Exercise aim → Whenever an image turns up, omit it and return the remaining data exactly.

Recorded data →
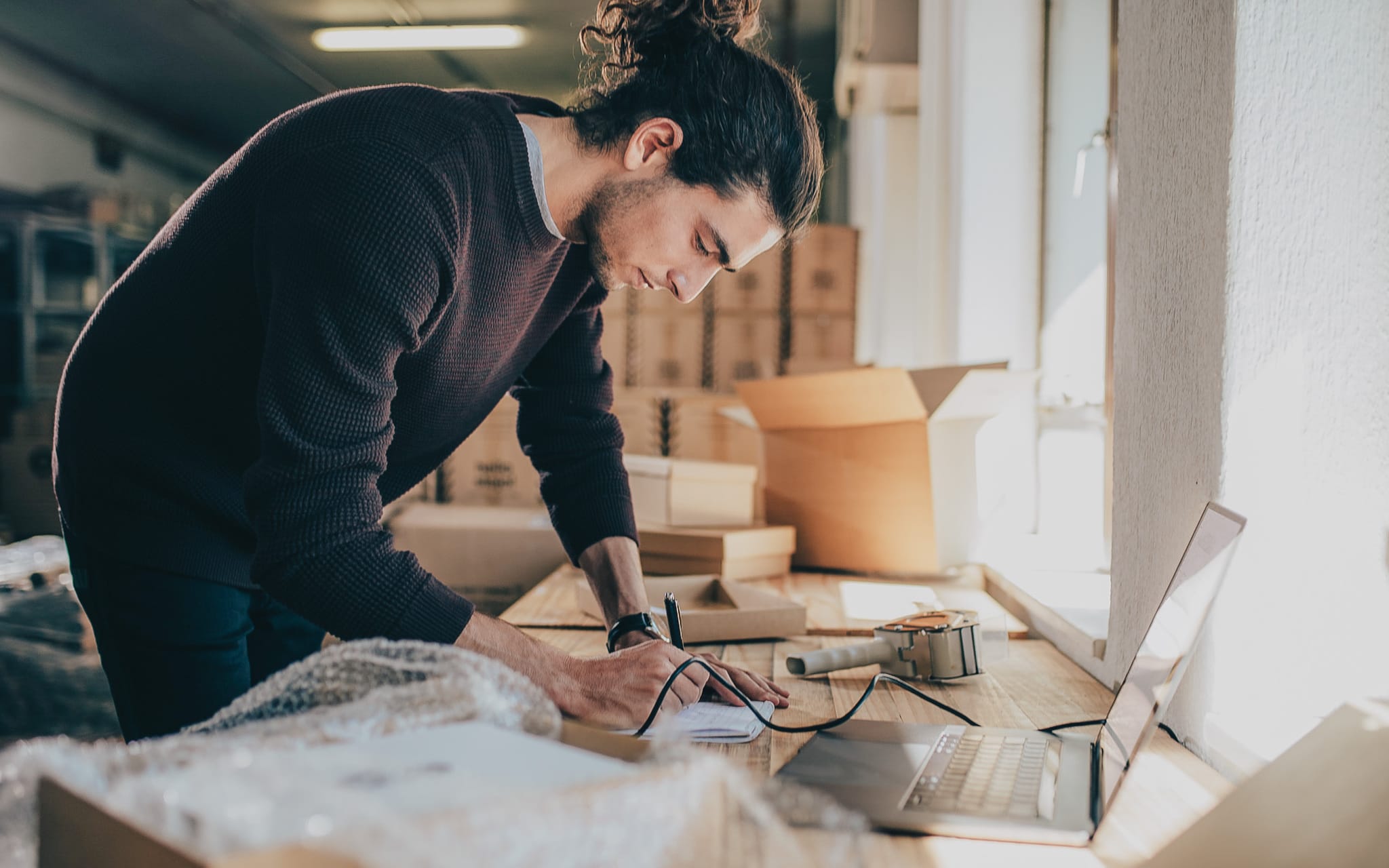 Исследование дома. Man writing Notes. Production ready. Experts
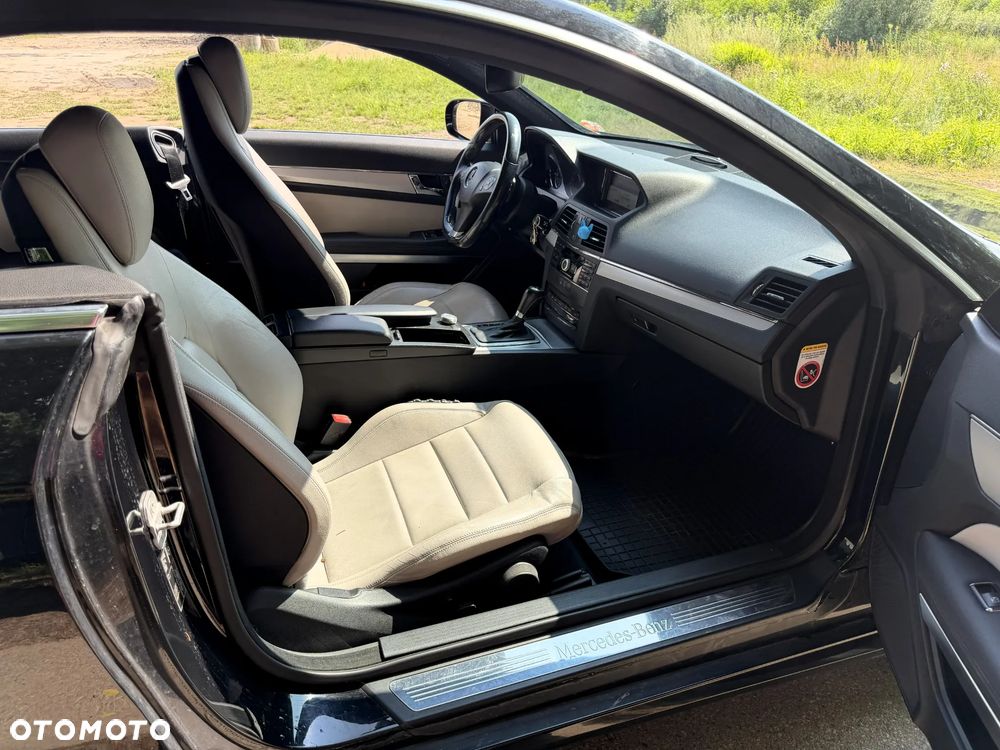 Mercedes-Benz Klasa E 250 CDI DPF BlueEFFICIENCY Automatik Elegance - 27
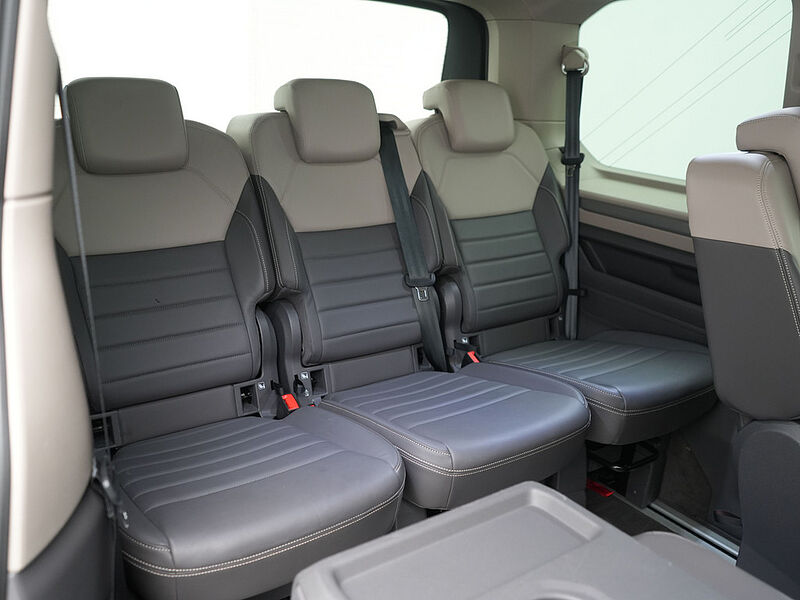 Volkswagen T7 Multivan Life AHK HUD 7 SITZER PDC IQ LED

Worked solution →
 Исследование дома. Man writing Notes. Production ready. Experts
 Mercedes-Benz Klasa E 250 CDI DPF BlueEFFICIENCY Automatik Elegance - 27
 Volkswagen T7 Multivan Life AHK HUD 7 SITZER PDC IQ LED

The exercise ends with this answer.